Parquet metadata caching is disabled by default. Embedding applications that need it can provide a custom Cache implementation and inject it through ScanContextBuilder or ReadContextBuilder. Parquet reader builders receive the cache from the read context and create cache keys with CacheKind::DATA_FILE_FOOTER internally.

The cache key represents the file footer and is created from the file URI with position -1 and length -1. Callers do not need to construct this key directly; they only need to route CacheKind::DATA_FILE_FOOTER entries to an appropriate cache backend.

Example:

class RoutingCache : public paimon::Cache {
 public:
  RoutingCache(std::shared_ptr<paimon::Cache> default_cache,
               std::shared_ptr<paimon::Cache> parquet_metadata_cache)
      : default_cache_(std::move(default_cache)),
        parquet_metadata_cache_(std::move(parquet_metadata_cache)) {}

  paimon::Result<std::shared_ptr<paimon::CacheValue>> Get(
      const std::shared_ptr<paimon::CacheKey>& key,
      std::function<paimon::Result<std::shared_ptr<paimon::CacheValue>>(
          const std::shared_ptr<paimon::CacheKey>&)> supplier) override {
    return Select(key)->Get(key, std::move(supplier));
  }

  // Put(), Invalidate(), InvalidateAll(), and Size() route in the same way.

 private:
  std::shared_ptr<paimon::Cache> Select(
      const std::shared_ptr<paimon::CacheKey>& key) const {
    return key && key->GetKind() == paimon::CacheKind::DATA_FILE_FOOTER
               ? parquet_metadata_cache_
               : default_cache_;
  }

  std::shared_ptr<paimon::Cache> default_cache_;
  std::shared_ptr<paimon::Cache> parquet_metadata_cache_;
};

auto cache = std::make_shared<RoutingCache>(
    std::make_shared<MyDefaultCache>(),
    std::make_shared<MyParquetMetadataCache>());

paimon::ScanContextBuilder scan_builder(table_path);
scan_builder.WithCache(cache);

paimon::ReadContextBuilder read_builder(table_path);
read_builder.WithCache(cache);

Passing nullptr or omitting WithCache() leaves Parquet metadata caching disabled.
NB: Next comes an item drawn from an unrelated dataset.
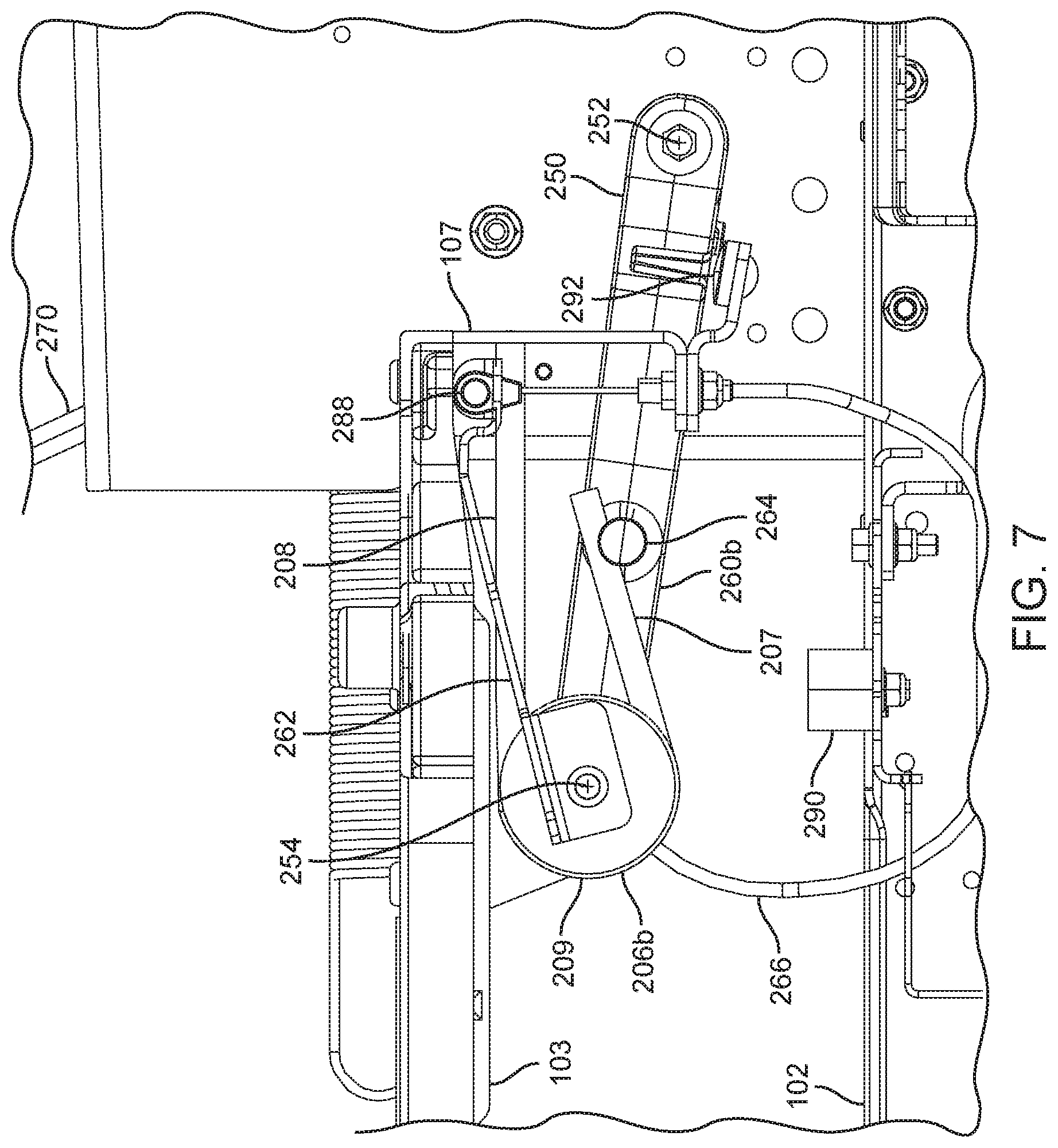 Patent US12311818 Figure 7 – Grounds maintenance vehicle with adjustable suspension system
If a file URI cannot be obtained, paimon-cpp also bypasses the cache and opens the Parquet file normally.

Future Optimizations#

  • Add hit, miss, bypass, and eviction metrics for Parquet metadata cache.

  • Add single-flight loading for high-concurrency misses on the same Parquet file.

  • Evaluate sharing cached metadata footer bytes with page-index prefetch logic when those read paths can use the same cache abstraction.